In the fib Model Code for Concrete Structures 2010, fibre-reinforced concrete (FRC) is recognized as a new material for structures. This introduction will favour forthcoming structural applications because the need of adopting new design concepts and the lack of international building codes have significantly limited its use up to now. In the code, considerable effort has been devoted to introducing a material classification to standardize performance-based production and stimulate an open market for every kind of fibre, favouring the rise of a new technological player: the composite producer.
Starting from standard classification, the simple constitutive models introduced allow the designer to identify effective constitutive laws for design, trying to take into account the major contribution in terms of performance and providing good orientation for structural uses. Basic new concepts such as structural characteristic length and new factors related to fibre distribution and structural redistribution benefits are taken into account. A few examples of structural design starting from the constitutive laws identified are briefly shown.
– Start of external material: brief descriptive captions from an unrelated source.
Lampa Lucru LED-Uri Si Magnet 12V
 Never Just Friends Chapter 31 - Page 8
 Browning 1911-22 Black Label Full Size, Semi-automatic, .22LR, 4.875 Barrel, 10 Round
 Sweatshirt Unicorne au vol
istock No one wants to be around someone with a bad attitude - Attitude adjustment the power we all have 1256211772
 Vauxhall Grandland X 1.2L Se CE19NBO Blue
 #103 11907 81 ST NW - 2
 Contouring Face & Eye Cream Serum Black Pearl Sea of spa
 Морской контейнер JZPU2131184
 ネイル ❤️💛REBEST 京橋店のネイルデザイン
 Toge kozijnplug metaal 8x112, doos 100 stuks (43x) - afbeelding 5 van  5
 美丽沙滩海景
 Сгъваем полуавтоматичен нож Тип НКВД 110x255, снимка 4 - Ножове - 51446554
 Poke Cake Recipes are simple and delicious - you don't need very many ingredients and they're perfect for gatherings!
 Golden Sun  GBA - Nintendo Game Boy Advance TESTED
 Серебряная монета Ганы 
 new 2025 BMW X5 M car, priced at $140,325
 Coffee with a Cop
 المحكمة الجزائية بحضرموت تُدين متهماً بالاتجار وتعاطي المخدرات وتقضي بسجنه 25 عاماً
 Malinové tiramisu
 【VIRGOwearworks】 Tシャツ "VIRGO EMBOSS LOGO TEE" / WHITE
FRC can be regarded as a special concrete characterized by a certain toughness after cracking. For this reason, the most important constitutive law introduced is the stress-crack opening response in uniaxial tension. A wide discussion of the constitutive models introduced to describe this behaviour, which controls all the main contributions of fibres for a prevailing mode I crack propagation, is proposed. The validity of the models is discussed with reference to ordinary cross-sections as well as thin-walled elements by adopting plane section or finite element models.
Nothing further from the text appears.